Breastfeeding and a Baby’s Speech Development

From a previous post, we have learned how truly amazing and beneficial breastfeeding can be to a baby’s overall health and development. Certain areas such as a baby’s brain, stomach, and mouth can be correctly developed to take on each specific role they uphold in the body because of the advances breastfeeding provides. Today we are sharing another: breastfeeding and a baby’s speech development.


With further research on the past blog, “Breastfeeding and a Baby’s Oral Health and Development,” we have found this already beneficial incident goes even further and promotes proper language development!

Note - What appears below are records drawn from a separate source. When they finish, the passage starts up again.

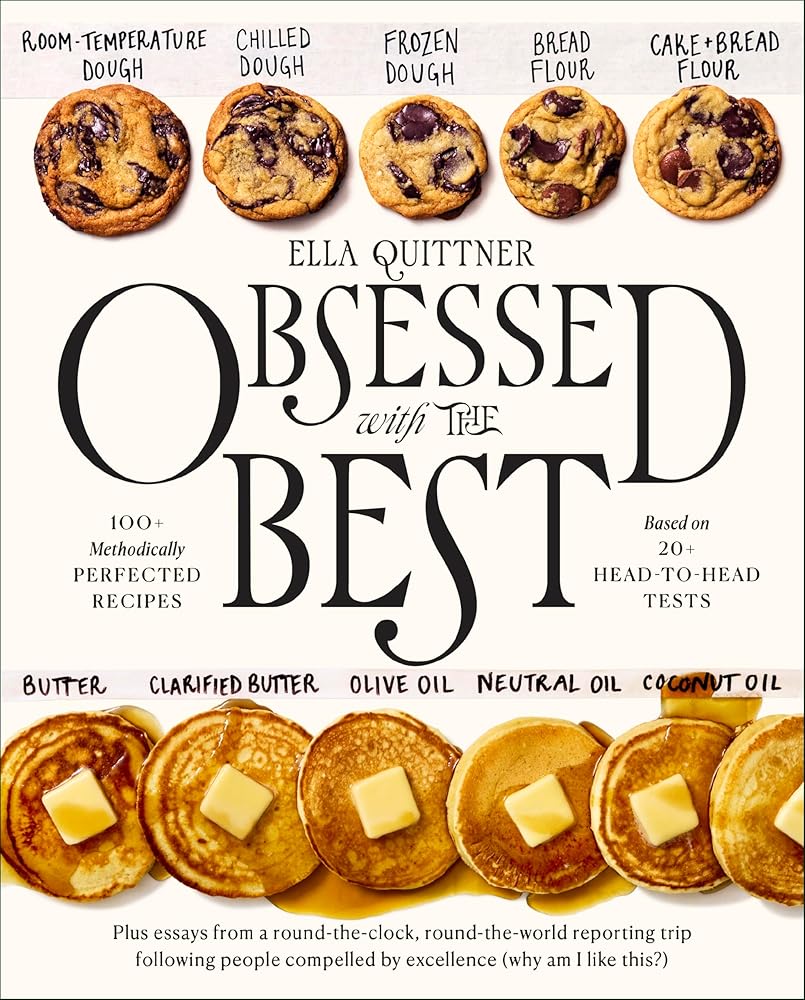 Obsessed with the Best: 100+ Methodically Perfected Recipes Based on 20+ Head-to-Head Tests cover image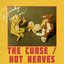 The Curse / Hot Nerves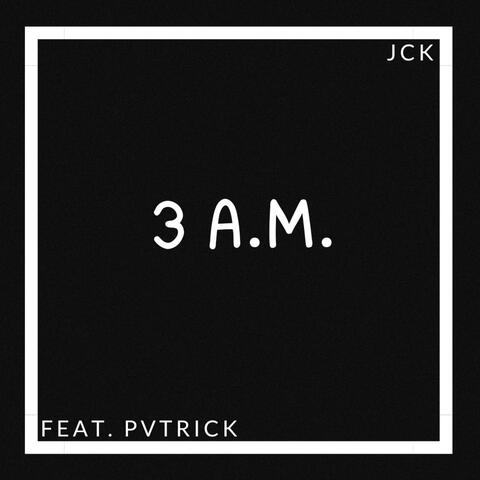3 A.M. (feat. PVTRICK)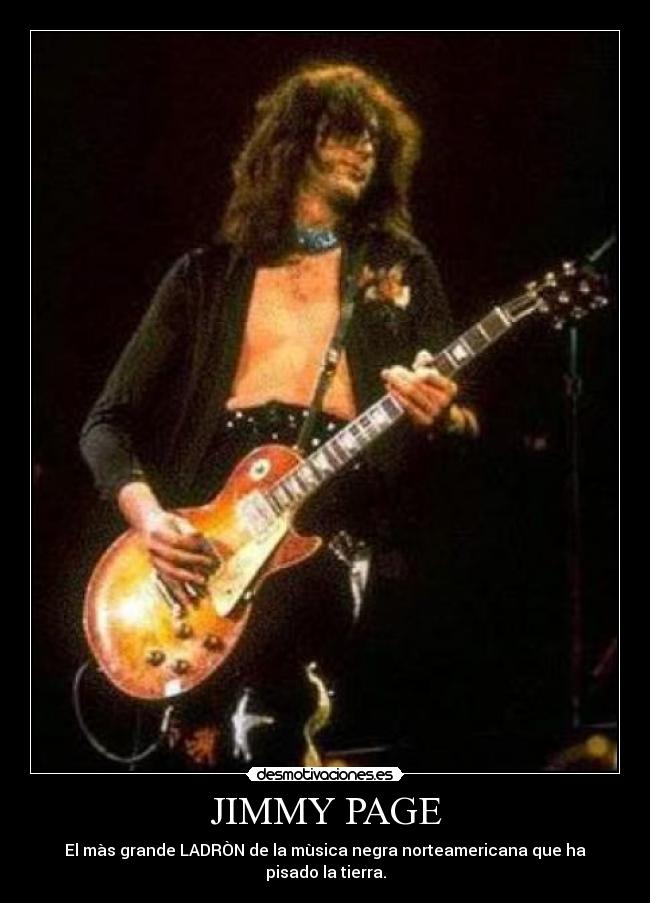 JIMMY PAGE - El màs grande LADRÒN de la mùsica negra norteamericana que ha pisado la tierra.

When a baby breastfeeds they are strengthening their mouths, specifically their tongue, lips, and jaw, and while they are improving their facial muscles for eating, they are also developing their mouths for correct pronunciation and speech.

As a baby breastfeeds their tongue works hard to pull milk from their mother’s nipple. By means of growing, their appetite will grow as well, and they will pull for more milk, strengthening their tongue and securing it at the back of their mouth. The tongue is significant when it comes to pronouncing specific words and sounds, just like the lips are. When the tongue is able to support itself and move self-sufficiently away from the lips and jaw it can help the child later in life with speech. Furthermore, while breastfeeding promotes oral muscle development, it also strengthens the roof of the mouth, which is a soft cartilage during infancy, but later turns to bone as they grow. As we learned before, a proper arch development of the roof is necessary for correct oral growth, and as a result it’s also essential for speech development.

When compared to bottle feeding, breastmilk needs to be worked for, and this is why breastfeeding builds a strong jaw. Most of the time bottles are far too easy for a baby, and they do not have to squeeze or suck hard enough to eat. The effort needed is then lost, and therefore so is the advancement. In addition, the nipple of the bottle may be too big and the milk may flow too quickly. This causes the baby to push their tongues forward to stop the milk instead of suckling. This can possibly cause problems later, and this could be the reason for some speech difficulties some children face.